My IPv6/SRv6 uSID fabric comes with several other benefits. uSID gives me up to 6 steering hops or 5 steering hops and VPN function bits in a single IPv6 destination address, so I get both granular traffic steering and VPN segmentation with lower overhead than VxLAN. And because its IPv6, my fabric achieves perfect load balancing with the IPv6 Flow Label that provides HW-friendly entropy at a shallow and fixed position.
My next POC goal was to validate traffic engineering in the fabric using SRv6 uSID. To do this I built a little packet generator script using Scapy (scapy.net). The script forms UDP packets that are encapsulated in an outer IPv6 header where the destination address is a set of SRv6 uSID values that I’ve manipulated such that packets will traverse the path sonic01 → 03 → 07 → sonic11 → VPN decaps.
For the purpose for this demo, I used this hard-coded packets. However, this can be achieved using the SRv6 Policy constructs. Here’s an example tcpdump output from transit leaf sonic03:
admin@sonic03:~$ sudo tcpdump -ni Ethernet0 tcpdump: verbose output suppressed, use -v[v]... for full protocol decode listening on Ethernet0, link-type EN10MB (Ethernet), snapshot length 262144 bytes 03:32:59.202575 IP6 fc00:0:1::1 > fc00:0:3:7:11:e000:: IP 10.101.11.2.22222 > 10.101.11.1.33333: UDP, length 0
admin@sonic03:~$ sudo tcpdump -ni Ethernet8 tcpdump: verbose output suppressed, use -v[v]... for full protocol decode listening on Ethernet8, link-type EN10MB (Ethernet), snapshot length 262144 bytes 03:33:13.983362 IP6 fc00:0:1::1 > fc00:0:7:11:e000:: IP 10.101.11.2.22222 > 10.101.11.1.33333: UDP, length 0
The tcpdump output shows uSID shift-and-forward behavior in action. Now I have a fabric I can traffic engineer!
My final goal for the POC was to demonstrate service insertion -a simple service chain- using SRv6 uSID. For this I attached a VPP instance with a scrubber appliance to the sonic02 ToR. This enables the source node to steer traffic through the “srubber” VNF in addition to the traffic engineering capabilities.
Just in case your eyes haven’t entirely glazed over looking at tcpdumps, here is an example outbound packet as leaves sonic01 on its way to the scrubber VNF.
21:29:35.430201 IP6 fc00:0:1::1 > fc00:0:3:2:faaf:11:e000:: IP 10.101.1.2 > 10.102.12.1: ICMP echo request, id 0, seq 0, length 8
The script forms UDP packets that are encapsulated in an outer IPv6 header where the destination address is a set of SRv6 uSID values that I’ve manipulated such that packets will traverse the path sonic01 → 03 → 02 → scrubber-VNF (SID 0xfaaf) → sonic11 → VPN decaps.

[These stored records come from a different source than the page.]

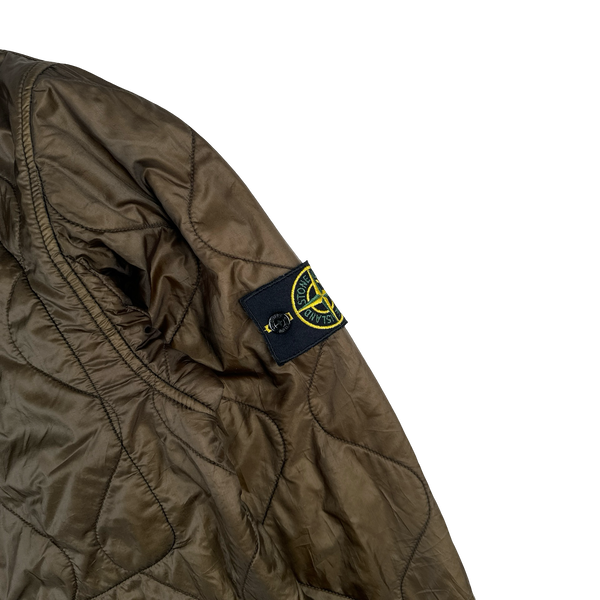 Stone Island 2007 Khaki Quilted Padded Bomber Jacket - Large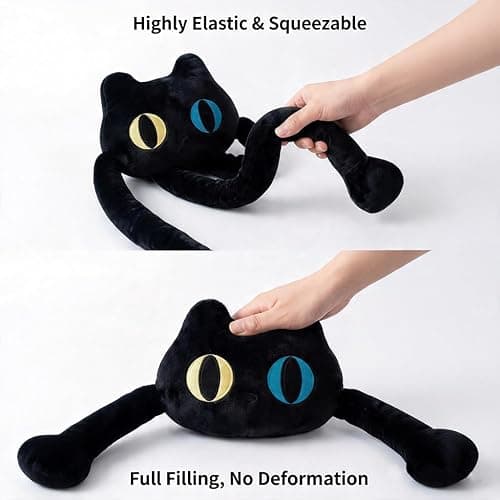 vitegaw Long Cat Plush Pillow, 39" Cute Black Cat Stuffed Animals Kawaii Soft Plushies,Big Plush Toys Gift for Girlfriend thumbnail 8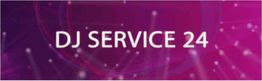 Lila Hintergrund mit weißem Text: "DJ SERVICE 24" in der Mitte.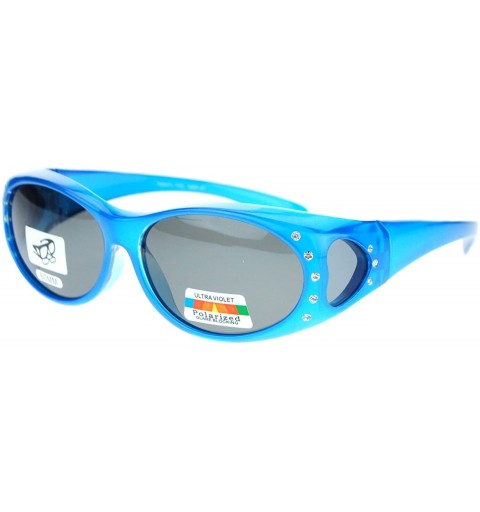 Oval Womens Rhinestone Polarized Oval Lens Fit Over Sunglasses - Blue - CH11QLSE8GJ $12.16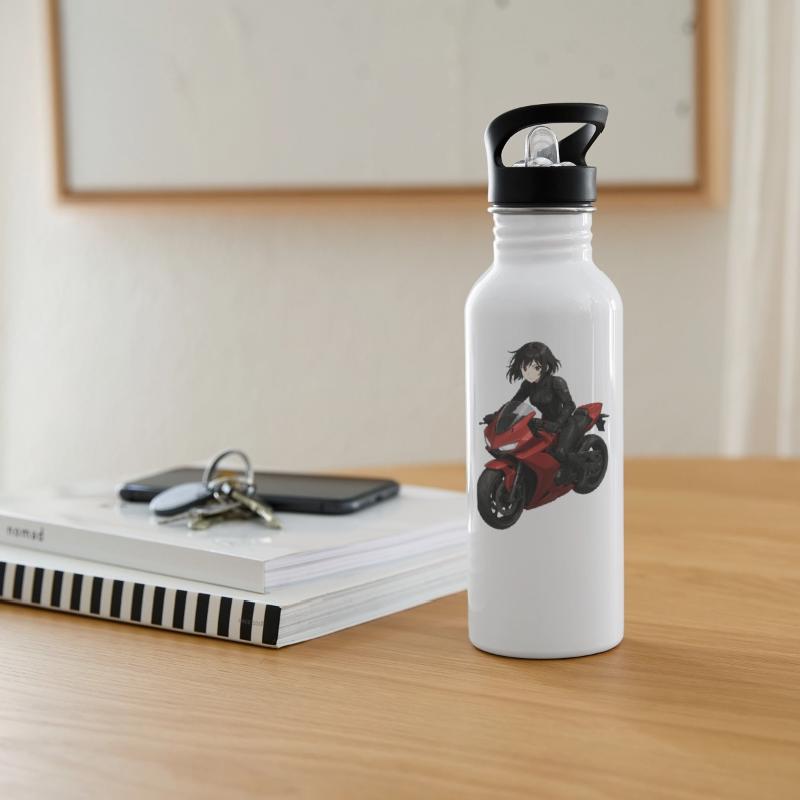 Anime Girl Riding Red Motorcycle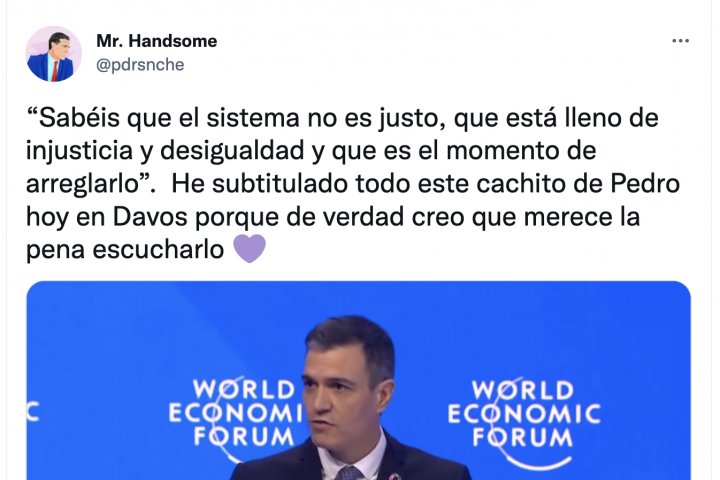 Tuit de Mr Handsome sobre Sánchez en Davos.
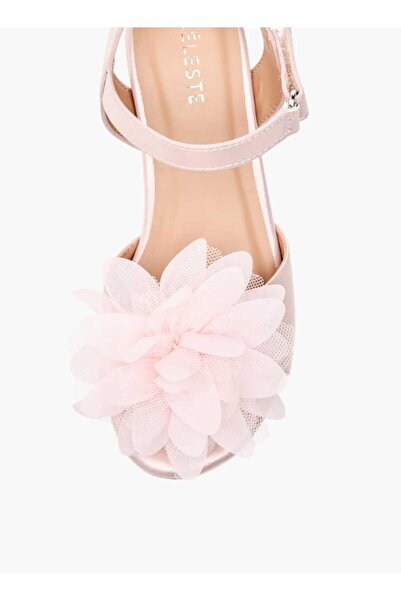 Celeste Celeste Girls' Floral Applique Block Heel Sandals with Hook and Loop Closure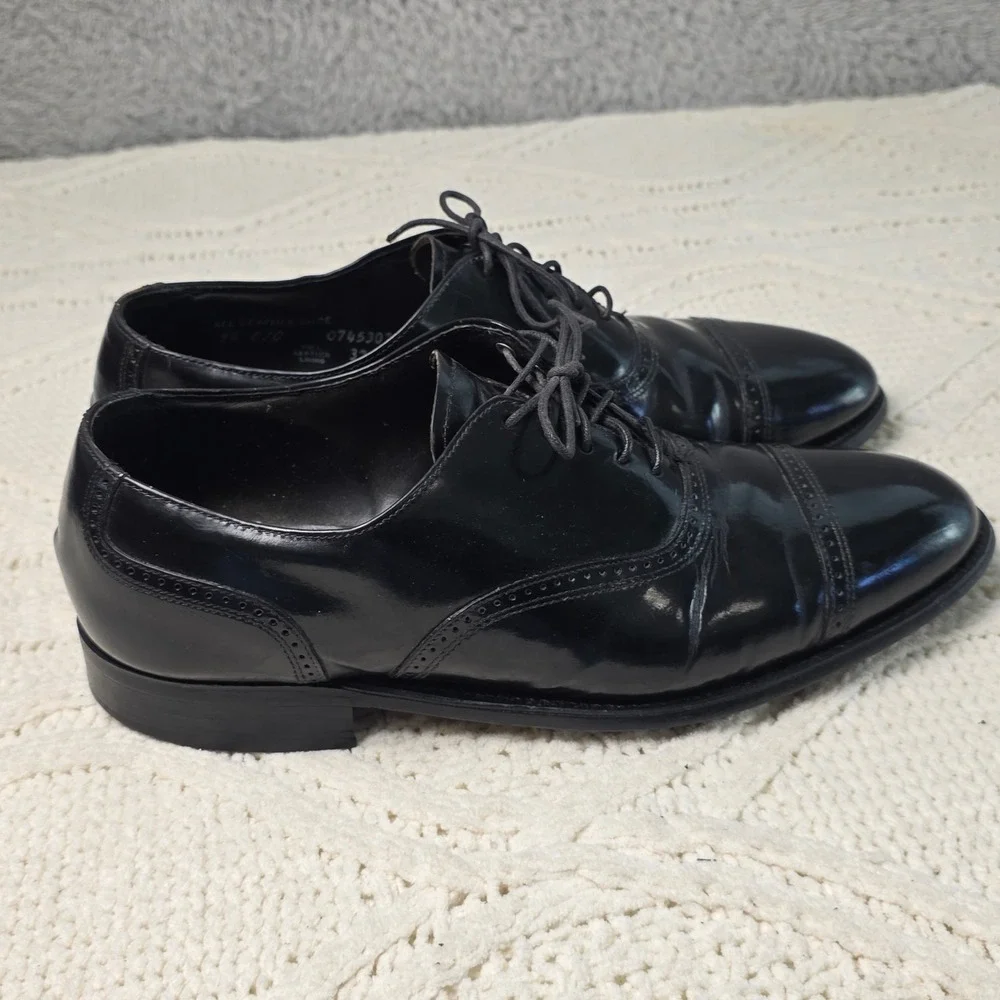 VTG Hanover‎ Shell Cordovan Dress Shoes Mens 9.5 E/C Black Wingtip USA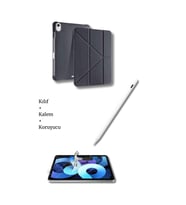 iPad A16 11. Nesil ve 10. Nesil A3355 A2757 Uyumlu Tablet Kılıfı Tablet Kalemi Ekran Koruyucu Set (Siyah)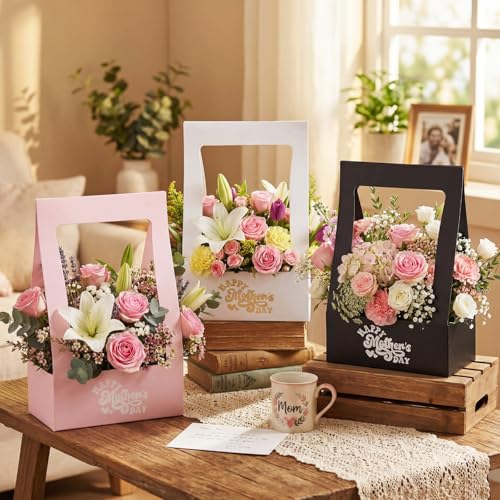 PerKoop 30 Pcs Mother's Day Flower Box for Arrangement Bouquet Bags for Flowers Gift Bags with Handle Waterproof Packaging...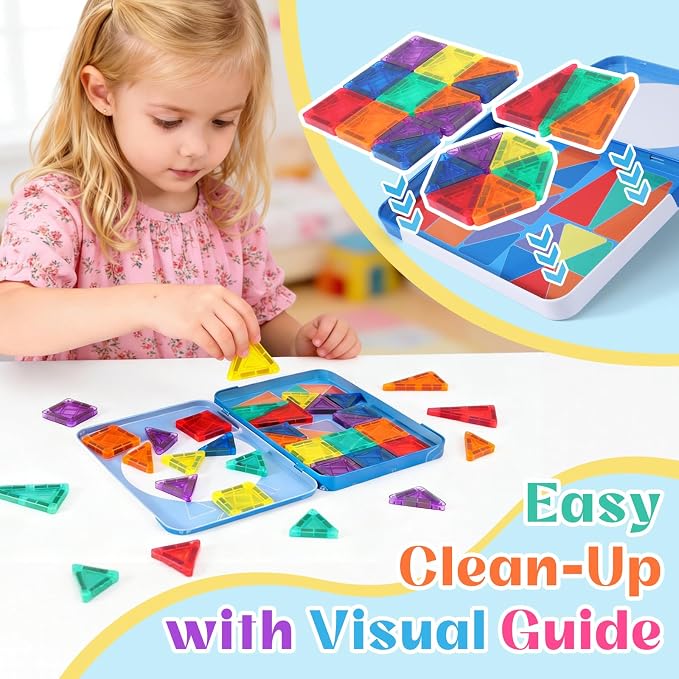 Magnetic Tiles Mini Travel Set with Case - Portable Magnetic Blocks Building for On-the-Go Play, Montessori STEAM Educational Sensory Toddler Toys for Boys Girls Ages 3+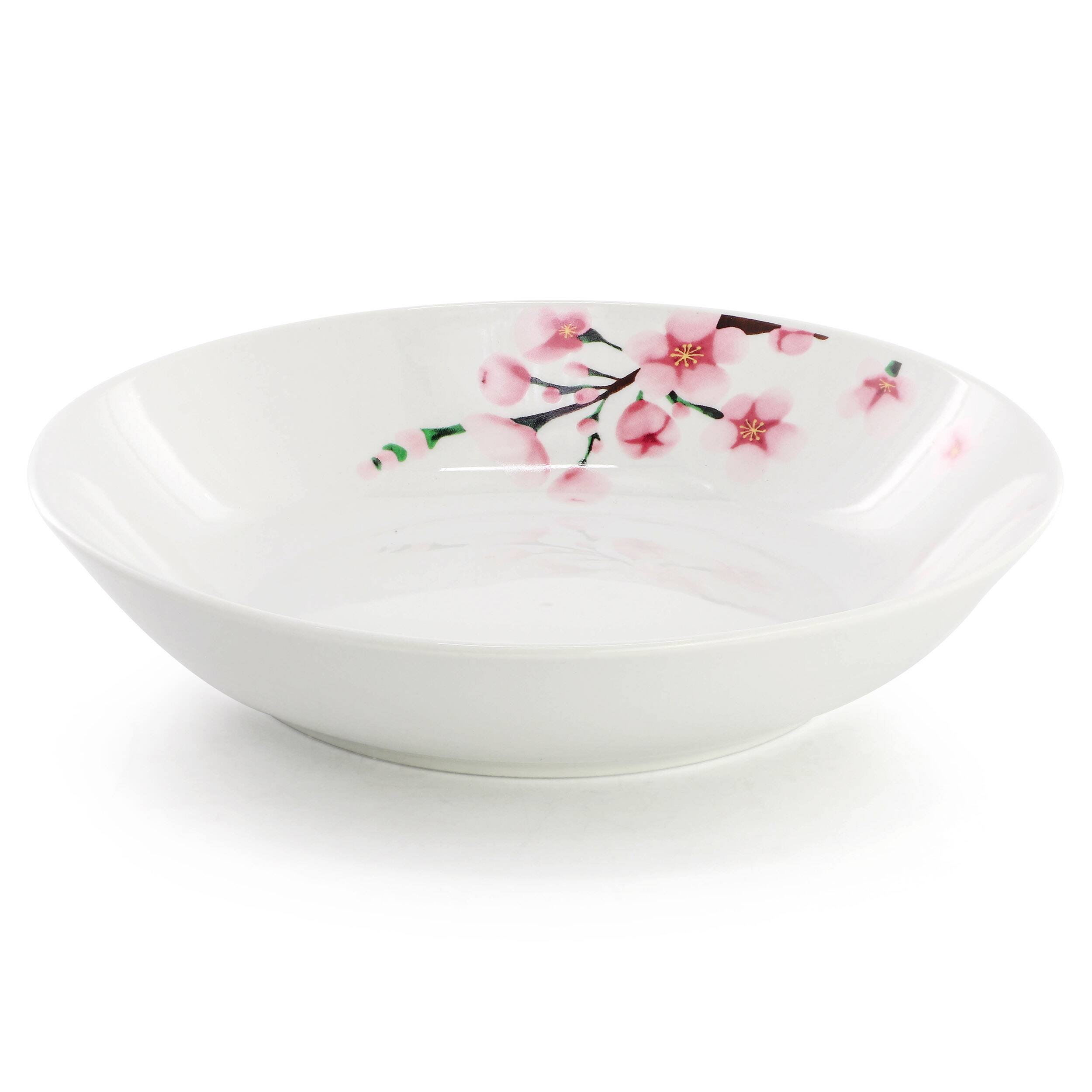 Back. Elama - Elama Tamara 18 Piece Cherry Blossom Porcelain Dinnerware Set, Service for 6 in White and Pink - White and Pink.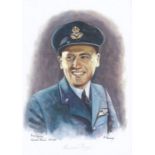 A4 Illustrated Portrait Print of Gordon Parkin in Dress Uniform by David Pritchard, Hand Signed by G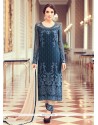 Faux Georgette Embroidered Work Designer Straight Suit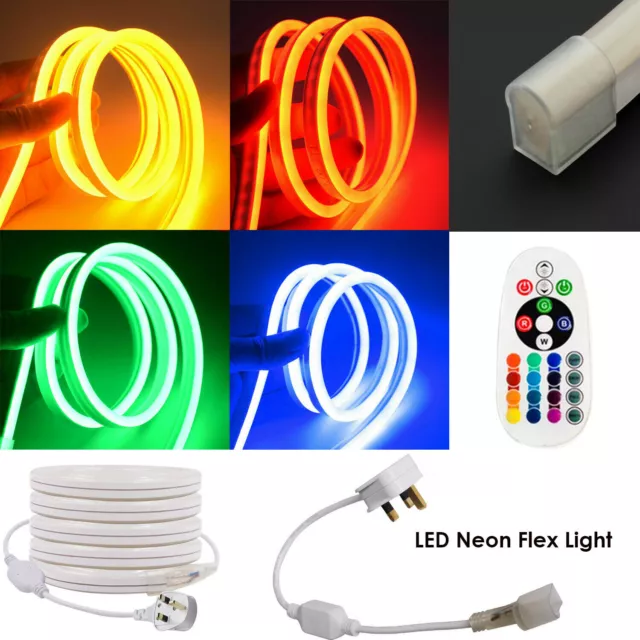 LED Strip Neon Flex Rope Light Waterproof 220V Sign Flexible Outdoor Lighting UK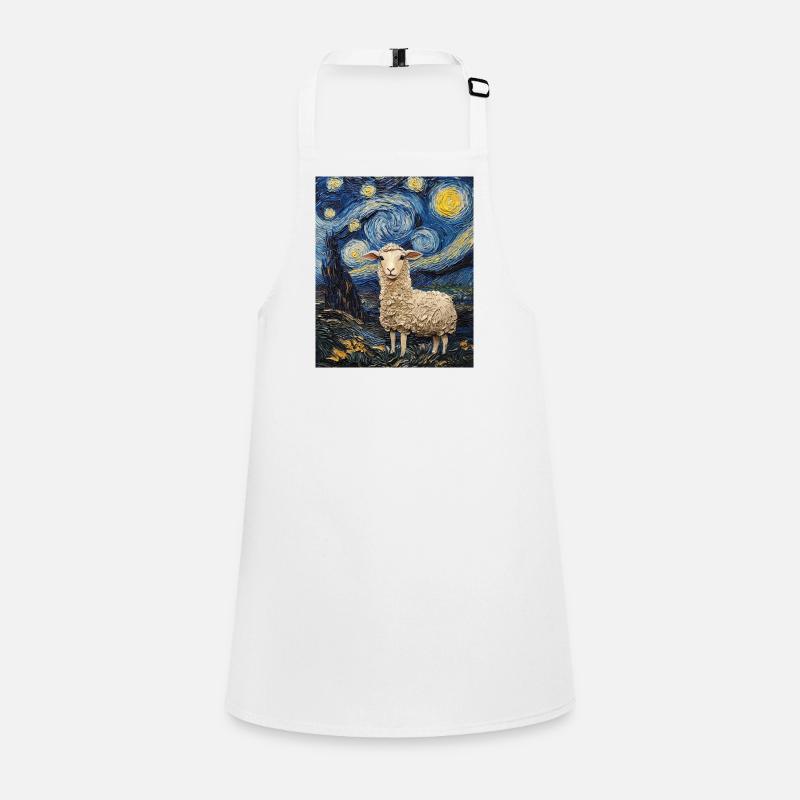 Sheep Van Gogh Style Starry Night Children's Apron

21:29:39.871321 IP6 fc00:0:1::1 > fc00:0:2:faaf:11:e000:: IP 10.101.1.2 > 10.102.12.1: ICMP echo request, id 0, seq 0, length 8
21:29:44.452142 IP6 fc00:0:1::1 > fc00:0:11:e000:: IP 10.101.1.2 > 10.102.12.1: ICMP echo request, id 0, seq 0, length 8
All in all, the POC succeeded in its goals of demonstrating an SRv6/eBGP based DC fabric capable of supporting multi-tenancy and traffic steering, including service chaining. I was able to spin up a fabric quickly and easily, apply configs, and run both default path traffic and traffic that took a path I explicitly engineered. In theory this SONiC SRv6 fabric could come from the factory with the unnumbered configs pre-loaded and quite literally be plug and play. The GitHub repo referenced in this post is public so please feel free to download it for your own testing. We’re also happy to accept contributions if you have things to add or suggestions for improvement.
In our next SRv6 uSID-SONiC blog we’ll explain how SRv6 uSID outperforms traditional ECMP-based fabrics for AI/ML training clusters, where the synchronization event in the network causes GPUs to be idle while waiting for the slowest path through the network to complete. The nature of the traffic (results are synchronous, high-bandwith and long-lived) differs from traditional DC traffic patters (most of it asynchronous, small-bandwidth, and short-lived flows). In this scenario traditional ECMP-based fabrics fail to provide optimal networking.
¹ SRv6 uSID is available in SONiC since release 202211. SONiC 202305 provides several scale enhancements for SRv6 VPN and SRv6 Policy.⏎